Apple, Microsoft, Facebook, and Google have decided to end the practice of quietly complying with investigators’ demands for email records and other online data. The companies believe that users have the right to know in advance when their information is targeted for government seizure, reports the Washington Post.

The aforementioned companies are in the process of updating their policies to expand routine notifications to users about government data seizures, unless such notification specifically prohibited by a judge or other legal authority. Apple, Microsoft, Facebook, and Google are following a similar move made by Yahoo July.

This industry stand offers the opportunity to the tens of thousands of American users whose Internet data gets swept into criminal investigations to defend their online privacy in court. On the other hand, prosecutors warn that by doing so, tech companies undermine cases by giving criminals time to destroy vital evidence before it can be gathered.

“It serves to chill the unbridled, cost-free collection of data,” said Albert Gidari Jr., a partner at Perkins Coie who represents several technology companies. “And I think that’s a good thing.”

The Justice Department disagrees, saying in a statement that new industry policies threaten investigations and put potential crime victims in greater peril.

“These risks of endangering life, risking destruction of evidence, or allowing suspects to flee or intimidate witnesses are not merely hypothetical, but unfortunately routine,” department spokesman Peter Carr said, citing a case in which early disclosure put at risk a cooperative witness in a case.
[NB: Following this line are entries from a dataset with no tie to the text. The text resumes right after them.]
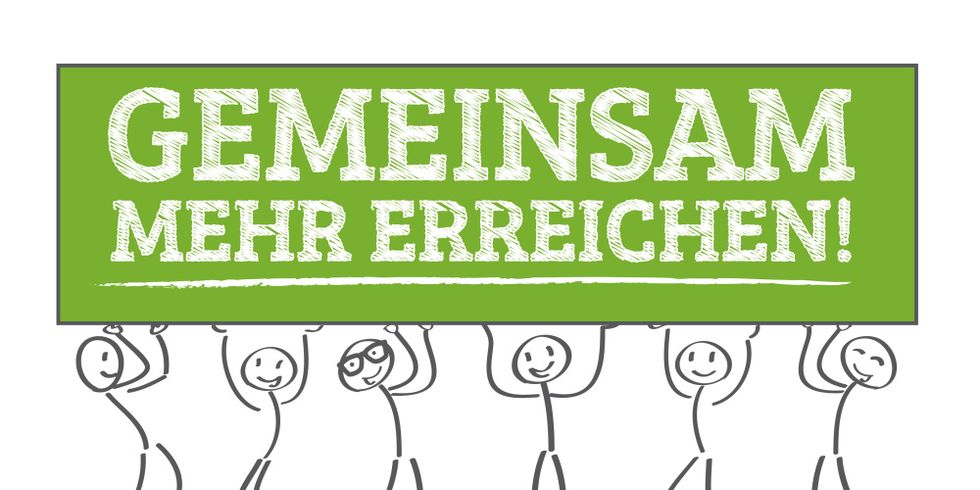 Gemeinsam mehr erreichen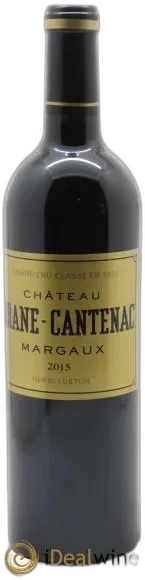 capture du vin Château Brane Cantenac 2ème Grand Cru Classé 2015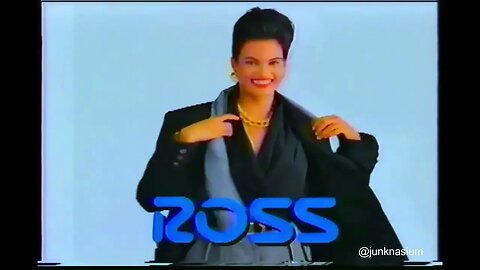 1993 Ross Commercial "If You're Not Shopping At Ross, You're Paying Too Much"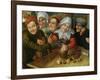 A Merry Company, C.1557-Jan Massys or Metsys-Framed Giclee Print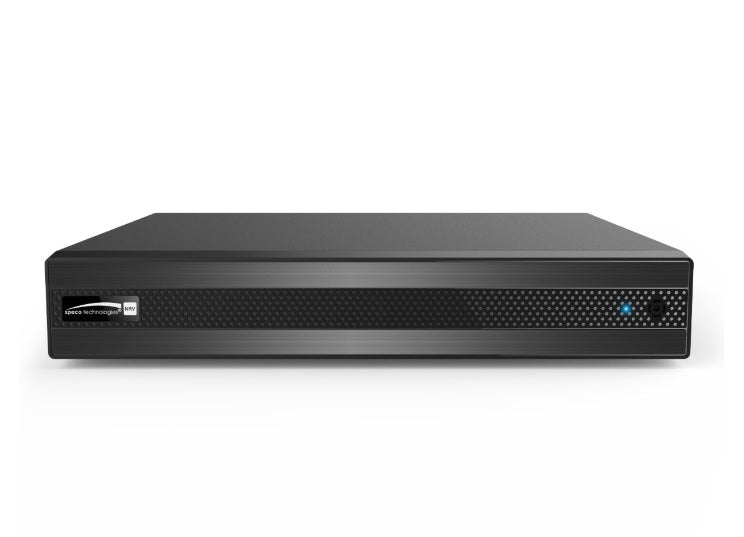 Speco Technologies N4NRV1TB | 4-Channel 4K H.265 NVR with 1TB HDD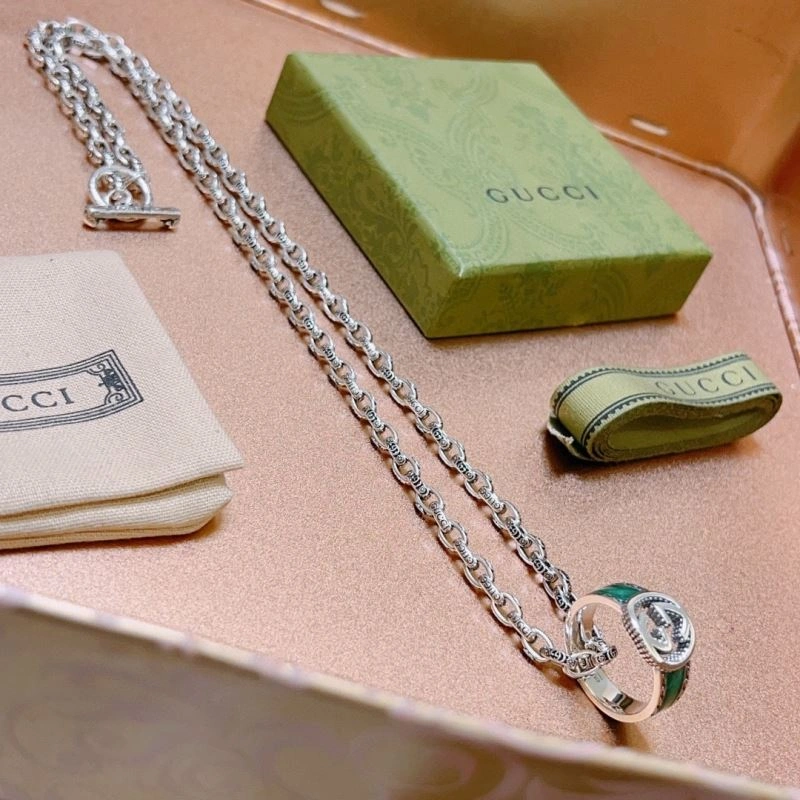 Refined Gxccx Necklaces 306002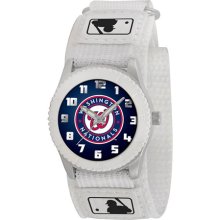 Washington Nationals Rookie White Sports Watch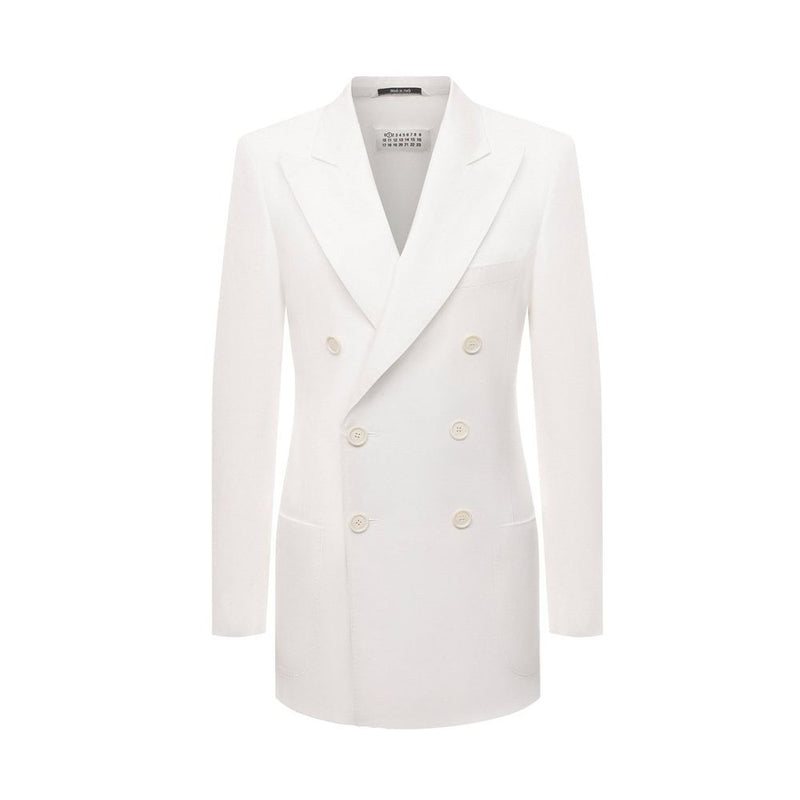 Cotton Blazer Maison Margiela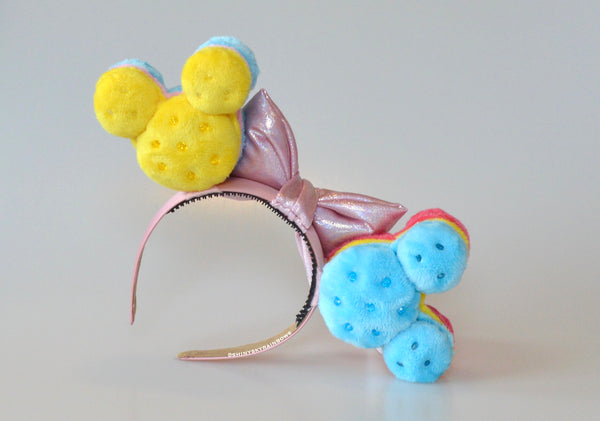 Colorful Macaron Ears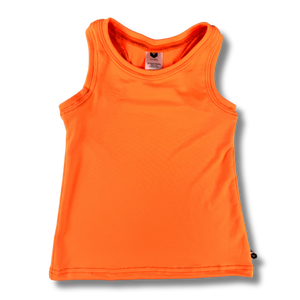 Tank Top - High Voltage Orange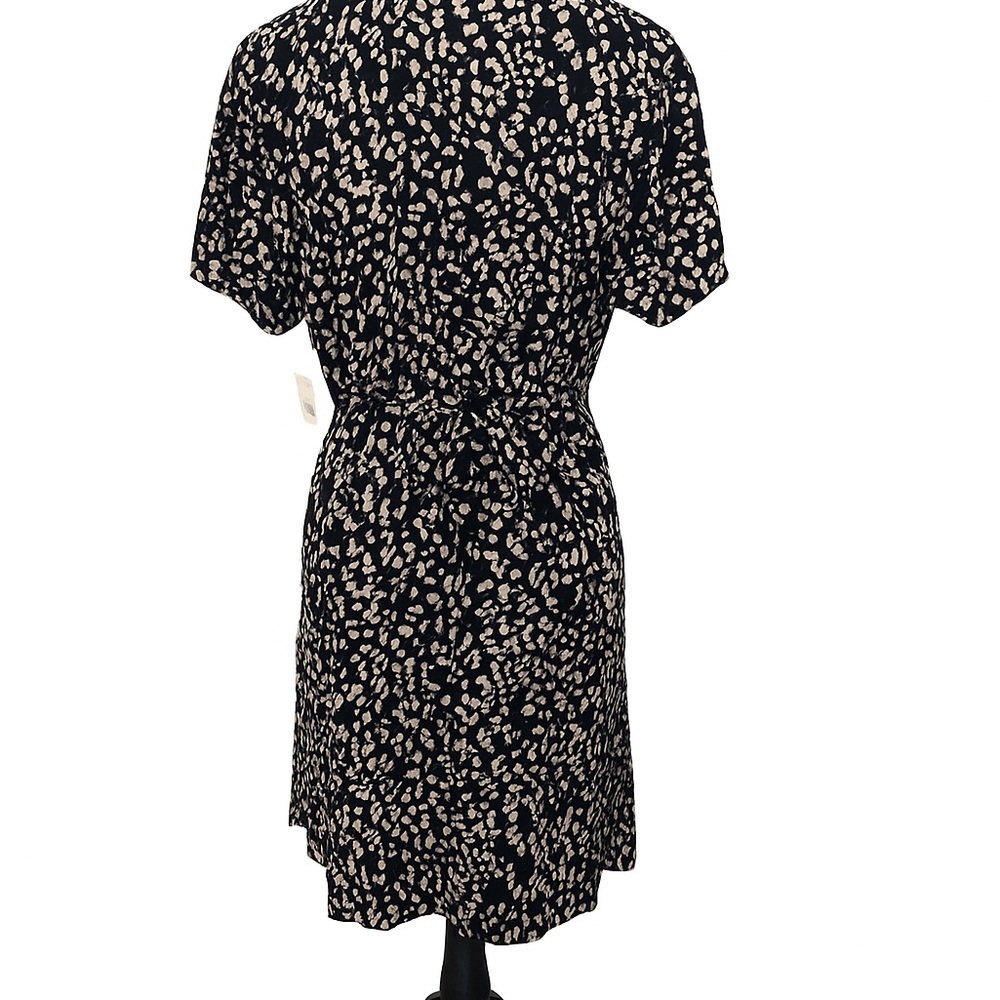 Free People Black and White Mini Dress - Picture 2 of 10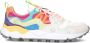 FLOWER MOUNTAIN Lage Sneakers Dames Yamano 3 Woman Maat: 36 Materiaal: Suède - Thumbnail 2
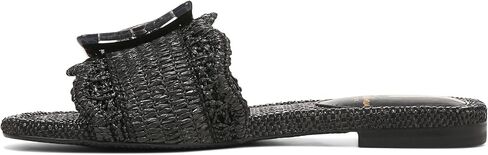 Sam Edelman Women's Bambi Flat Sandal Black 9.5 Medium in Kuwait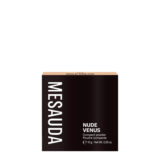 Mesauda Beauty Nude Venus Compact Powder Gold Cream 10gr - polvo compacto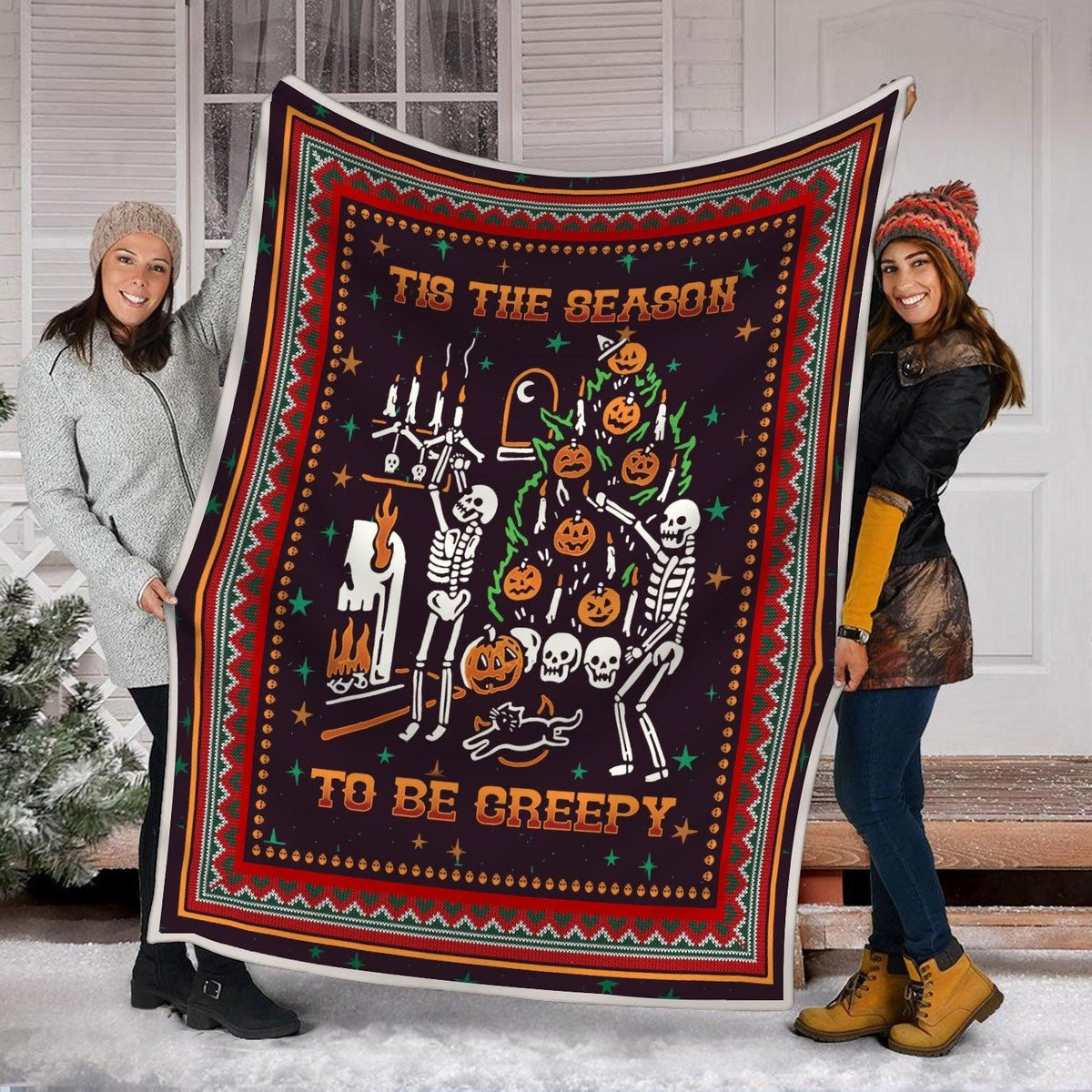 Blanket Tis The Season To Be Creepy - DucG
He declined to offer details because the case was under seal.

The changing policies, however, do not affect data requests approved by the Foreign Intelligence Surveillance Court, which are automatically kept secret by law, or by national security letters, which are administrative subpoenas issued by the FBI in the course of national security investigations.

While the government traditionally notified people directly affected by searches and seizures when they were being investigated (though not immediately, of course), this wasn’t done when conducting surveillance in the digital world: cellular carriers don’t disclose to their customers when investigators collect their data.

Earlier this week we reported that Canada’s interim Privacy Commissioner, Chantal Bernier, had revealed that government agencies demand customer data from telecom companies 1.2 million times per year. And let’s mention that a big chunk of those requests are honored without the need for a warrant.